Он все еще злился – главным образом на себя, – хотя причины для столь продолжительного раздражения не просматривалось, что называется, в упор. Разве что… но это же, право, несерьезно. Ну, обмочился… слегка – так ведь даже меня изморозью по стали пробрало, когда эта чертова гадина вынырнула из темноты, а что уж говорить о существе из плоти? Другой бы на его месте, уверен, гордился отсутствием полных штанов.
Другой…
И неожиданно я осознал, что другим стал сам Айсман. Потому что год… да что там год, месяц назад он бы первый хохотал над подобной глупостью, во весь голос бы ржал, не хуже молодого жеребца.
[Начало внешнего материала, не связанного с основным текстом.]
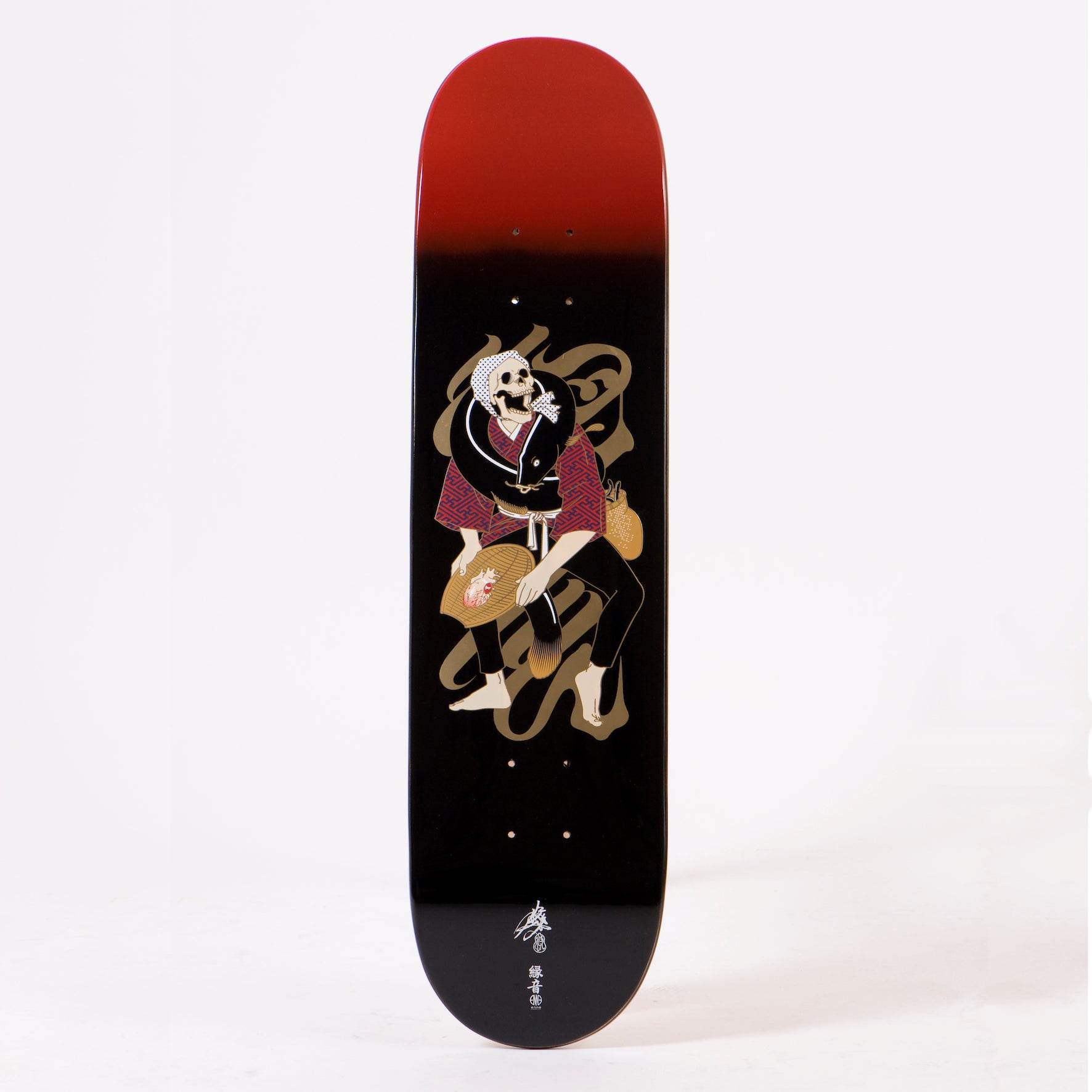 DOJO-SUKUI- SKATE BOARD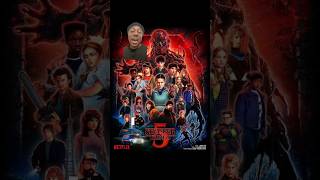 My Thoughts on #strangerthings5 volume 1 #strangerthings #netlfix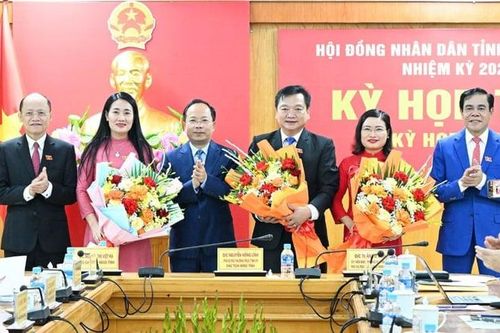 Hà Tĩnh có hai tân Phó chủ tịch UBND tỉnh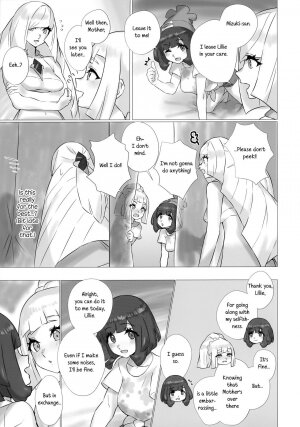 ShinyMoon x WhiteLily - Page 6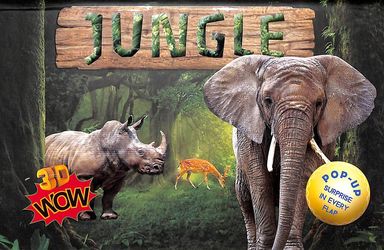 JUNGLES POP UP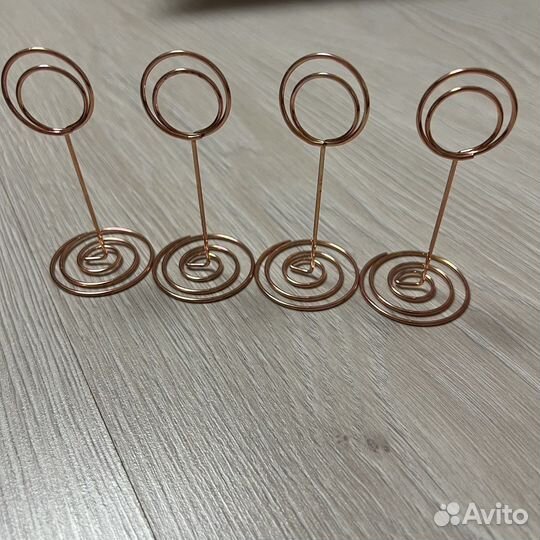 Держатель визиток, надписей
Что-то в нем изменилось, серьезно, а я даже не могу толком определить это самое что-то, не говоря уж о том, чтобы понять, в лучшую ли сторону эта перемена или же стоит оглянуться по сторонам – на предмет более подходящего хозяина.
– Александр, – с тревогой лязгнула Эмма, – что-то случилось?
– Нет.
– Просто, – черная винтовка на миг запнулась, – у тебя сейчас был такой вид… словно рябь по стволу прошла.
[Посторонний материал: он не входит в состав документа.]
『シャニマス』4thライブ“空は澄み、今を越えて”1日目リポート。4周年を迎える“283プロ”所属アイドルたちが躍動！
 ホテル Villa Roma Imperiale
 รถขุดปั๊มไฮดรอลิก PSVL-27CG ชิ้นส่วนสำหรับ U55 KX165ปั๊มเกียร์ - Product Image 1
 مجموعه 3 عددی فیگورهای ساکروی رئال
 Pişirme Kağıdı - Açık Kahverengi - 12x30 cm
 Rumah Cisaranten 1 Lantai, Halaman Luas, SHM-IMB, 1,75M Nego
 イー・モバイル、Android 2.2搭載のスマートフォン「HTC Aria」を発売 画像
– Рябь по стволу? – удивленно переспросил я. – Занятно. Впервые слышу о подобном оптическом эффекте.
– А я впервые вижу… подобный оптический эффект.
– Анна, – Шемяка, яростно моргая красными от низкого дыма глазами, откатился от занявшегося костерка, сел. – Дай-ка еще раз эту вашу карту.
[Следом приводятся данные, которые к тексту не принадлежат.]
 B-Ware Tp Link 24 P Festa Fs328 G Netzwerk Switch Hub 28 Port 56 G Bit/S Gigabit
– Ты на нее пять минут назад любовался, – неодобрительно произнес Энрико.
– Пять минут назад было пять минут назад, – огрызнулся Серега. – За это время можно кучу вещей утворить. Костерчик, к примеру, разложить… а можно, конечно, и просто сидеть с надутым видом – кто ж спорит.
– Я…
– Вам не надоело? – Эммина хозяйка щелкнула кнопкой планшета. – Вот, возьми.
Не удержавшись, я заглянул через плечо Сергея, хоть и помнил все ее детали – в отличие от Шемяки, похоже, если только эти его постоянные просьбы-приказы не преследуют какую-то иную, непонятную мне пока цель – разумеется, еще с самого первого раза. Заразился от хозяина, не иначе.
Как и следовало ждать, за последние пять минут никаких новых подробностей к уже нарисованным на бумаге не добавилось. Что, впрочем, не мешало Айсману вглядываться в нее с таким напряженным вниманием, словно из переплетения черных линий и зеленых клякс в любой миг могла с гоготом вырваться стая крякозябр.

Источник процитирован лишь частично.